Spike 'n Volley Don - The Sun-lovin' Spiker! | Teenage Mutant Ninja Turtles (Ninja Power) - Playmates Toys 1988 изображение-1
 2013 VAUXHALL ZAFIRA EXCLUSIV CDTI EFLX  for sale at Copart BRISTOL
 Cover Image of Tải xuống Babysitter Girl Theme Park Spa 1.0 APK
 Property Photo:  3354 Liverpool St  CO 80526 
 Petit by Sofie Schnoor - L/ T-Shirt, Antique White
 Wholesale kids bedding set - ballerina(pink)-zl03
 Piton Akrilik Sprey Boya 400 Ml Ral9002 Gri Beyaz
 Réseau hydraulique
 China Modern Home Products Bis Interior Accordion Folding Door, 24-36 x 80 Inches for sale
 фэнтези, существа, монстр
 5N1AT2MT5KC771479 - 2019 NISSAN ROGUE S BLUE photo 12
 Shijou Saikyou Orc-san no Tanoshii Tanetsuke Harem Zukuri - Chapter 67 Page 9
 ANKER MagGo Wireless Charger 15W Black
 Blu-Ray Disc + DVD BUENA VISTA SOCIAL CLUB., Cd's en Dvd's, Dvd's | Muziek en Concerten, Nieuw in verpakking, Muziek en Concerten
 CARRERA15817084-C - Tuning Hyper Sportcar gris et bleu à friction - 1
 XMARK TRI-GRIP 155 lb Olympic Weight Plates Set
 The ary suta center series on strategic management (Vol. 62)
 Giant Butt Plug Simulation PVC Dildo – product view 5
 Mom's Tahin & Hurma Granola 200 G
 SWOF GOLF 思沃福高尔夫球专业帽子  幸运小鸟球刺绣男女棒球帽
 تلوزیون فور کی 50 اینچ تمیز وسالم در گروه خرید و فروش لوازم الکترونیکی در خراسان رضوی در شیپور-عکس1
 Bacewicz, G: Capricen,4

WHAT THE TASK ASKS:
Write down, word for word, the lines above from the one containing "Petit by Sofie" through the one containing "Blu-Ray Disc +", both ends included.

ANSWER SPACE:
 Petit by Sofie Schnoor - L/ T-Shirt, Antique White
 Wholesale kids bedding set - ballerina(pink)-zl03
 Piton Akrilik Sprey Boya 400 Ml Ral9002 Gri Beyaz
 Réseau hydraulique
 China Modern Home Products Bis Interior Accordion Folding Door, 24-36 x 80 Inches for sale
 фэнтези, существа, монстр
 5N1AT2MT5KC771479 - 2019 NISSAN ROGUE S BLUE photo 12
 Shijou Saikyou Orc-san no Tanoshii Tanetsuke Harem Zukuri - Chapter 67 Page 9
 ANKER MagGo Wireless Charger 15W Black
 Blu-Ray Disc + DVD BUENA VISTA SOCIAL CLUB., Cd's en Dvd's, Dvd's | Muziek en Concerten, Nieuw in verpakking, Muziek en Concerten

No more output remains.